*Your goal*: Your answer must consist of exactly the lines below, starting with the line with "apartment Dachau 03 bathroom 6898" and going on through the line with "Husen Rumain: Mendengar", and nothing else.

[Stored entries]
================
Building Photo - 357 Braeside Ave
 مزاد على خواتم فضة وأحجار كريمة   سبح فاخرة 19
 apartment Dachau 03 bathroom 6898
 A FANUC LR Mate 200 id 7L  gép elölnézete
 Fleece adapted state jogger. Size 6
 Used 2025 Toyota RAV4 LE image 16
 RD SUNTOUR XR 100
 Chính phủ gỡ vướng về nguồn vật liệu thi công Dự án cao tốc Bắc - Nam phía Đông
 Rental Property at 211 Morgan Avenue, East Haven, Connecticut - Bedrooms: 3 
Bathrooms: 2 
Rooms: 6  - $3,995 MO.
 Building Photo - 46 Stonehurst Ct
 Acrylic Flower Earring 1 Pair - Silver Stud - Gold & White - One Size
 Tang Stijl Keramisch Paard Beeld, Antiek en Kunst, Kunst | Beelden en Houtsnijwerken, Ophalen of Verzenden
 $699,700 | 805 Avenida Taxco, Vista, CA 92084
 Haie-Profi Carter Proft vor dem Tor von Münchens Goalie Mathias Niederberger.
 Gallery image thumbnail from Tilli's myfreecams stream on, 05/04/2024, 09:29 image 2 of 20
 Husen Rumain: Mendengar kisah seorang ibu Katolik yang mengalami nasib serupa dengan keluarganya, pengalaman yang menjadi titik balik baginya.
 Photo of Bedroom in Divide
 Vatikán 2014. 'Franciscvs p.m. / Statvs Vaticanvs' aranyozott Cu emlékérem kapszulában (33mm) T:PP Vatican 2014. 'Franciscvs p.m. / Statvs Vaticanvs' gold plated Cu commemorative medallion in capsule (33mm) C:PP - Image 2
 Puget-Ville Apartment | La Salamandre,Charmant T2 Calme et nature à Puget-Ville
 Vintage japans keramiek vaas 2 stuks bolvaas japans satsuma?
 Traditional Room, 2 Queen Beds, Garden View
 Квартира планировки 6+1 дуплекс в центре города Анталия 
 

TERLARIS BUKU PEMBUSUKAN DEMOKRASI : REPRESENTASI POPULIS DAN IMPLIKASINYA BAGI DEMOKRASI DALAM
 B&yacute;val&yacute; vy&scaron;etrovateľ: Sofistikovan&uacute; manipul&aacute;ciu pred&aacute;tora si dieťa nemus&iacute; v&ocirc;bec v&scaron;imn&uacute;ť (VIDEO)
================
*Result*:
 apartment Dachau 03 bathroom 6898
 A FANUC LR Mate 200 id 7L  gép elölnézete
 Fleece adapted state jogger. Size 6
 Used 2025 Toyota RAV4 LE image 16
 RD SUNTOUR XR 100
 Chính phủ gỡ vướng về nguồn vật liệu thi công Dự án cao tốc Bắc - Nam phía Đông
 Rental Property at 211 Morgan Avenue, East Haven, Connecticut - Bedrooms: 3 
Bathrooms: 2 
Rooms: 6  - $3,995 MO.
 Building Photo - 46 Stonehurst Ct
 Acrylic Flower Earring 1 Pair - Silver Stud - Gold & White - One Size
 Tang Stijl Keramisch Paard Beeld, Antiek en Kunst, Kunst | Beelden en Houtsnijwerken, Ophalen of Verzenden
 $699,700 | 805 Avenida Taxco, Vista, CA 92084
 Haie-Profi Carter Proft vor dem Tor von Münchens Goalie Mathias Niederberger.
 Gallery image thumbnail from Tilli's myfreecams stream on, 05/04/2024, 09:29 image 2 of 20
 Husen Rumain: Mendengar kisah seorang ibu Katolik yang mengalami nasib serupa dengan keluarganya, pengalaman yang menjadi titik balik baginya.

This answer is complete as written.